The weakness is search and concurrency. Filesystems do not usually provide native indexing or full-text search. Networked filesystems can also perform poorly with concurrent access and file locking.
Example Storage Map
A practical payment platform could deliberately use several storage technologies.
Payment transaction service
-> relational database
reason: ACID and structured records
Session service
-> key value store
reason: low-latency lookup by session ID
Customer profile extension
-> document repository
reason: flexible profile attributes
Relationship analytics
-> graph repository
reason: relationship traversal and graph algorithms
Legacy settlement export
-> filesystem or object storage
reason: large signed batch files
Message broker
-> filesystem journal
reason: durable middleware storage
This is polyglot persistence. It is useful only when each choice has a reason. Adding technologies without clear ownership creates complexity.
Practical Workflow
- List the main data types in the system.
- For each data type, identify the access pattern.
- Mark which data needs ACID transactions.
- Mark which data can be stale or rebuilt.
- Mark which data is structured, flexible, graph-like, or file-oriented.
- Assign one storage owner for each data type.
- Avoid direct database sharing across services unless there is an explicit reason.
- Define integration between stores through APIs, events, or controlled synchronization.

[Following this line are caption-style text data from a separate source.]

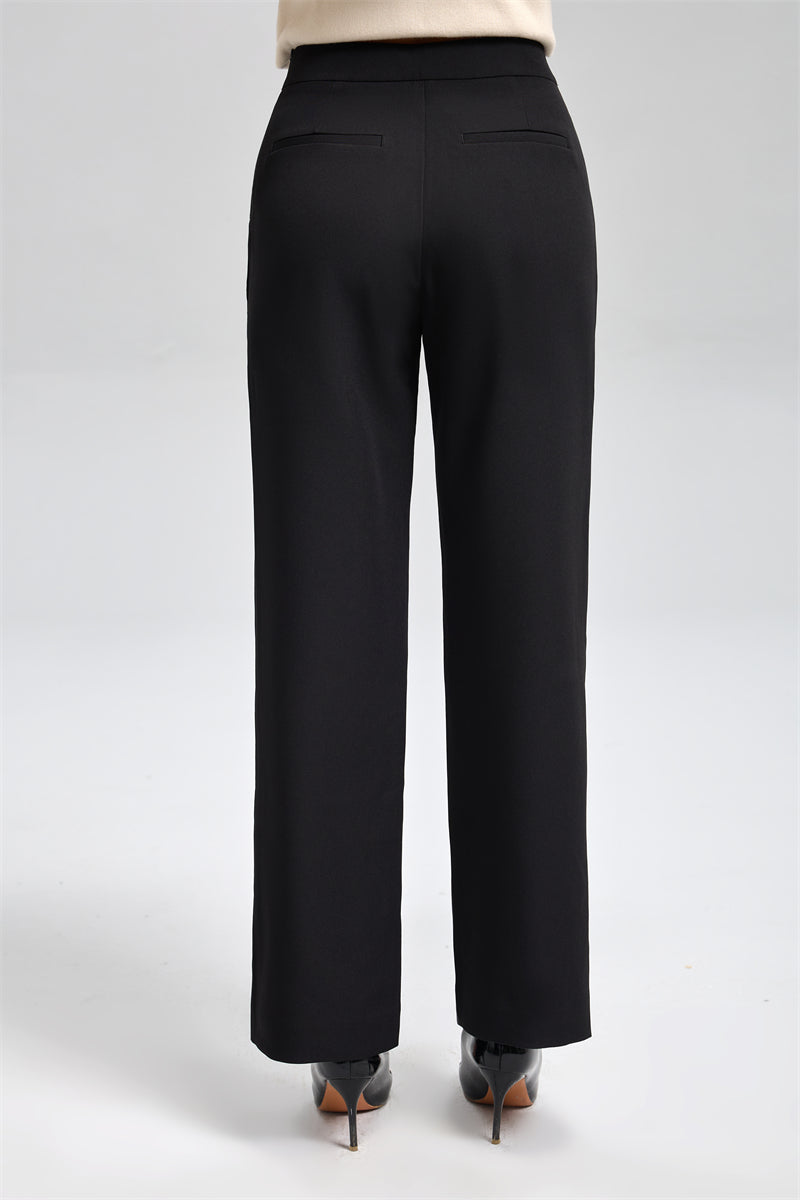 بنطال بقصّة مستقيمة وخصر عالٍ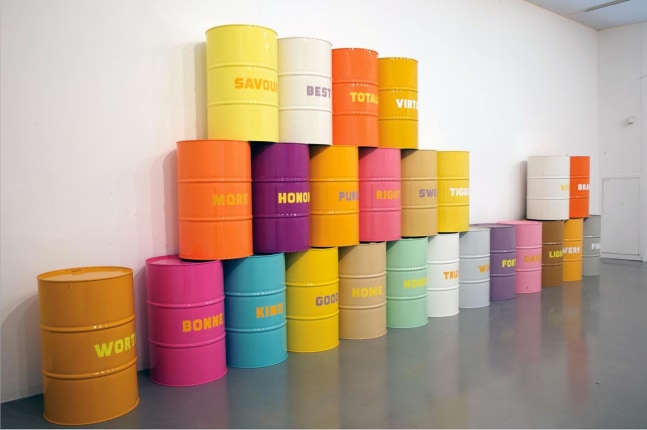 sweet light crude, 2008

veinticinco barriles de petr&amp;oacute;leo

&amp;nbsp;

dimensiones variables

&amp;nbsp;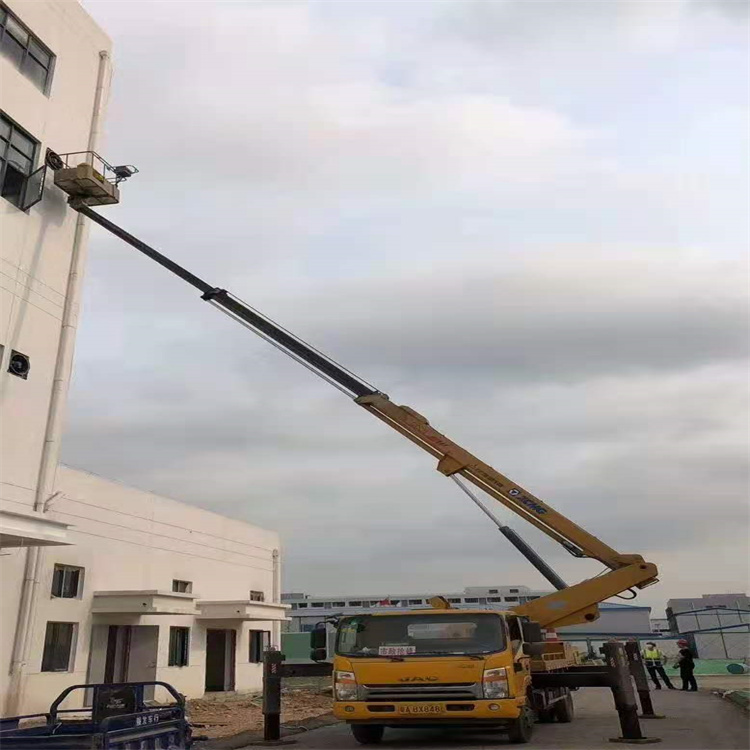 小金附近高空车出租|市政施工/设备安装专用|随叫随到|亿立达设备租赁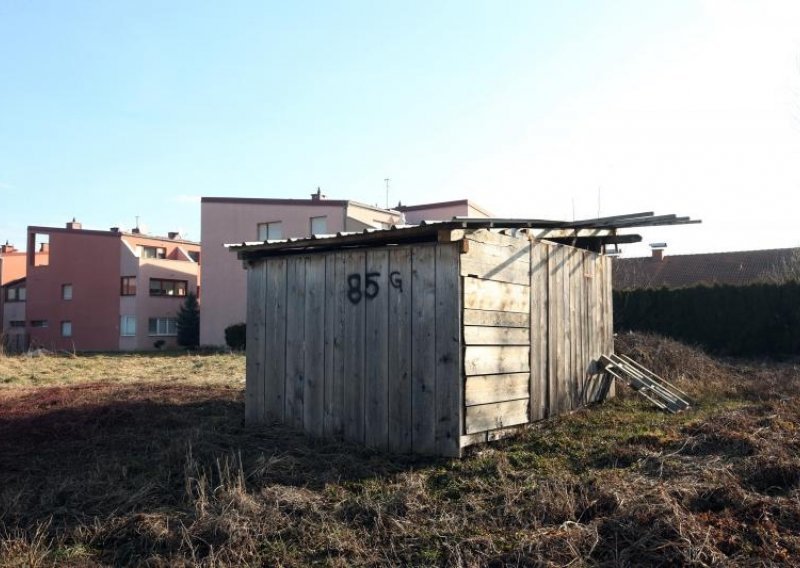 I Mrak Taritaš se pita: Kako je Crnoja mogao dobiti kućni broj?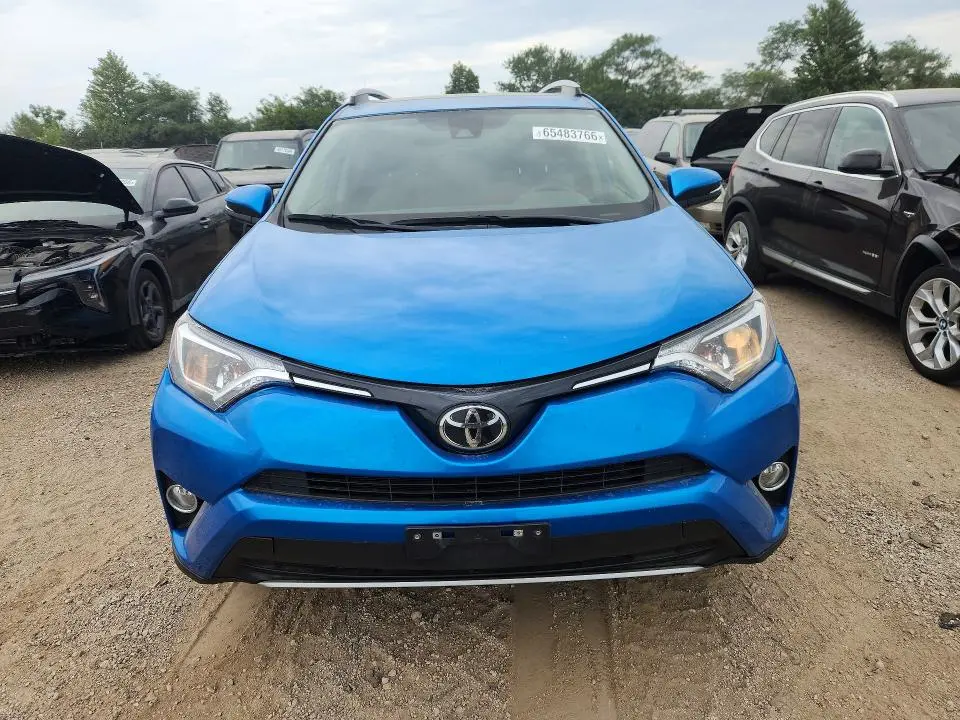 2017 TOYOTA RAV4 XLE  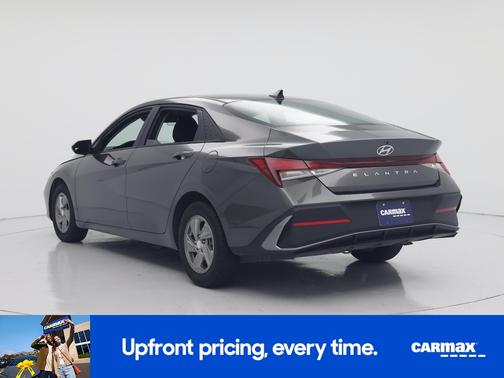 Gray 2025 Hyundai ELANTRA SE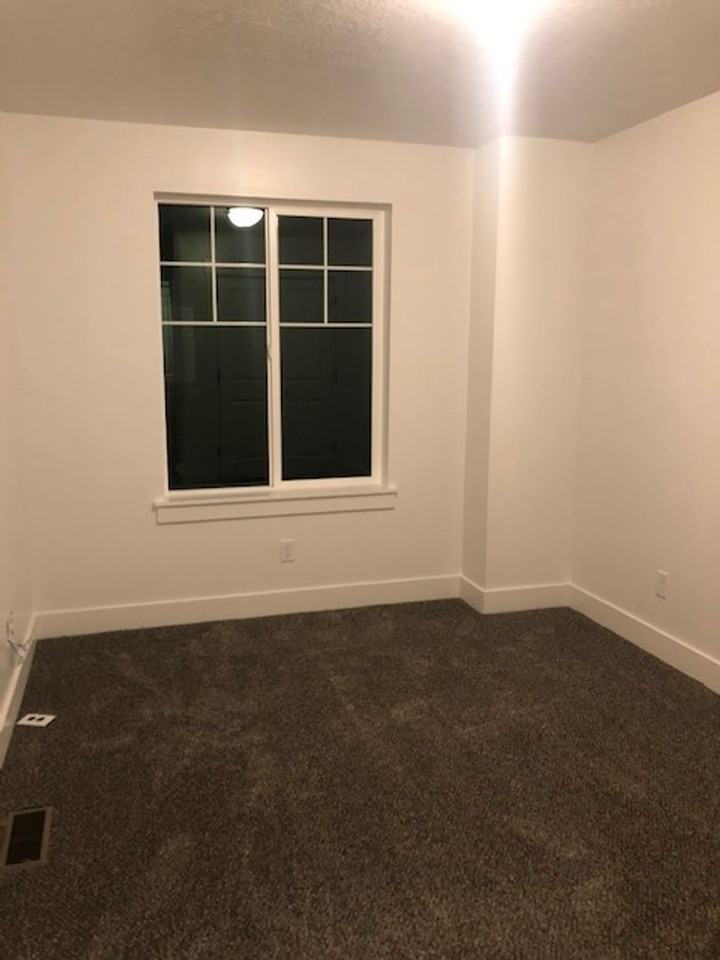 402 W 100 S #30 - Photo 5 of 8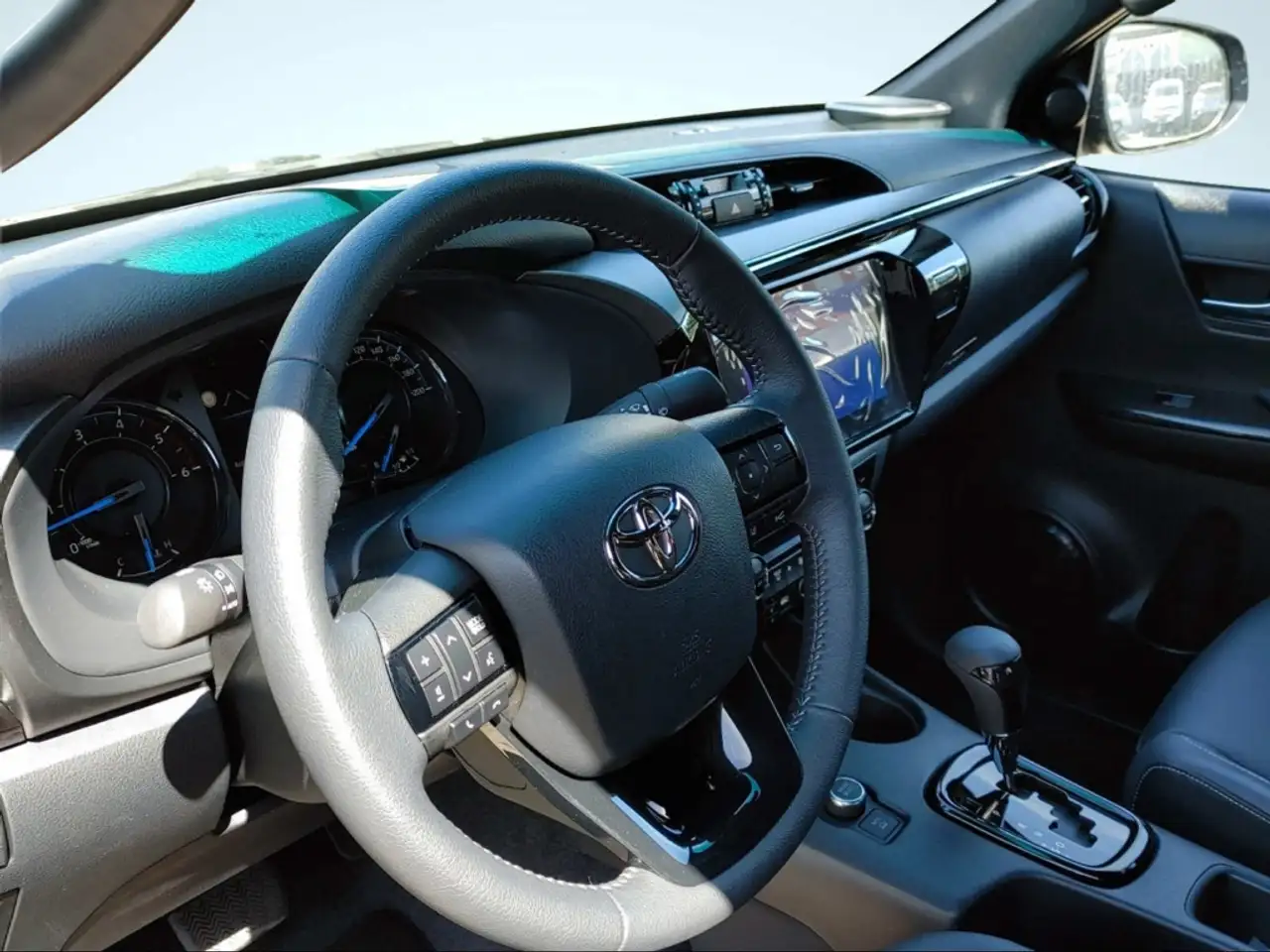 Toyota Hilux 5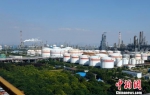 图为：镇海炼化厂区。　万里 摄 - 浙江新闻网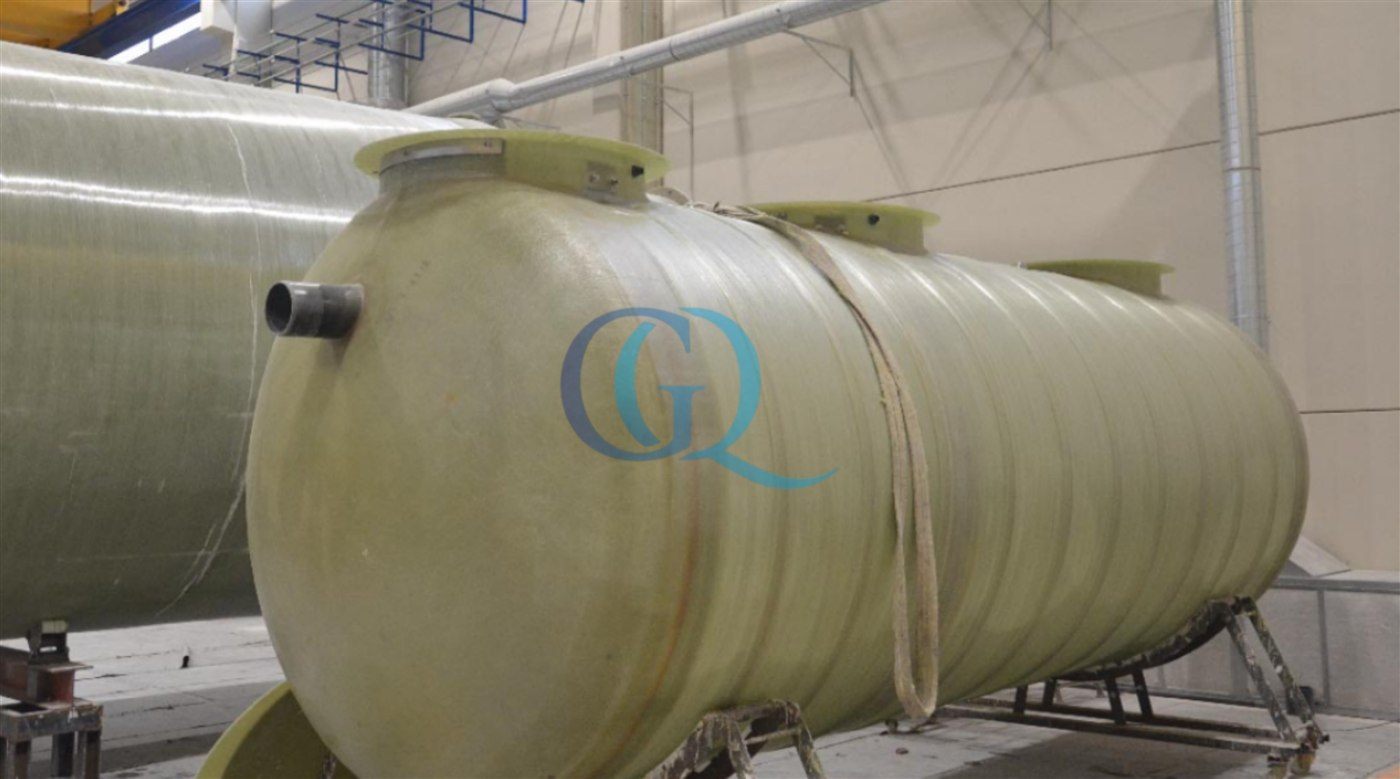 Tanque cilíndrico horizontal en fibra de vidrio con accesos superiores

- Document consistency expectations for each store.
- Add monitoring and recovery procedures for every storage tier.
Storage Decision Table
| Need | Storage direction |
|---|---|
| Stable structure and ACID | Relational database |
| Fast lookup by known key | Key value store |
| Temporary session state | Key value store |
| Flexible JSON-like records | Document database |
| Relationship traversal | Graph database |
| Large batch file exchange | Filesystem or object storage |
| Middleware journaling | Filesystem-backed storage |
| High-volume cache reads | Cache in front of persistent store |
The table is a starting point, not a replacement for design. Real systems need constraints, operations, and team skills considered too.
Common Mistakes
The first mistake is using one database for everything. That can make simple operations harder and specialized operations slower.
The second mistake is using too many storage technologies without ownership. Every storage engine adds deployment, monitoring, backup, recovery, and knowledge requirements.
The third mistake is sharing one database directly between many services. This tightly couples service release cycles, making ownership unclear.
The fourth mistake is storing critical business data only in a cache or temporary store.
The fifth mistake is using files as a searchable database. Files are useful for exchange and large payloads, but indexing and query needs require another layer.
Checklist
- Every storage technology has a documented purpose.
- Each data type has a clear owner.
- ACID data is stored where transactionality is supported.
- Temporary data has an expiration or eviction rule.
- Cached data has stale data rules.
- Flexible documents do not hide critical relational constraints.
- Filesystem usage is limited to suitable exchange or infrastructure needs.
- Cross-store synchronization has a defined mechanism.
- Backup and recovery are planned per storage tier.
- The team can operate every selected technology.
Conclusion
A multi-tier storage strategy lets Java teams match persistence technology to the real needs of each use case.
Use relational databases for structured transactional data. Use key-value stores for fast lookup, sessions, and caching. Use NoSQL where the data shape or query model fits. Use file systems and object storage for large-scale data exchange and infrastructure needs.
The goal is not to use every storage option. The goal is to avoid forcing every data problem into the same tool.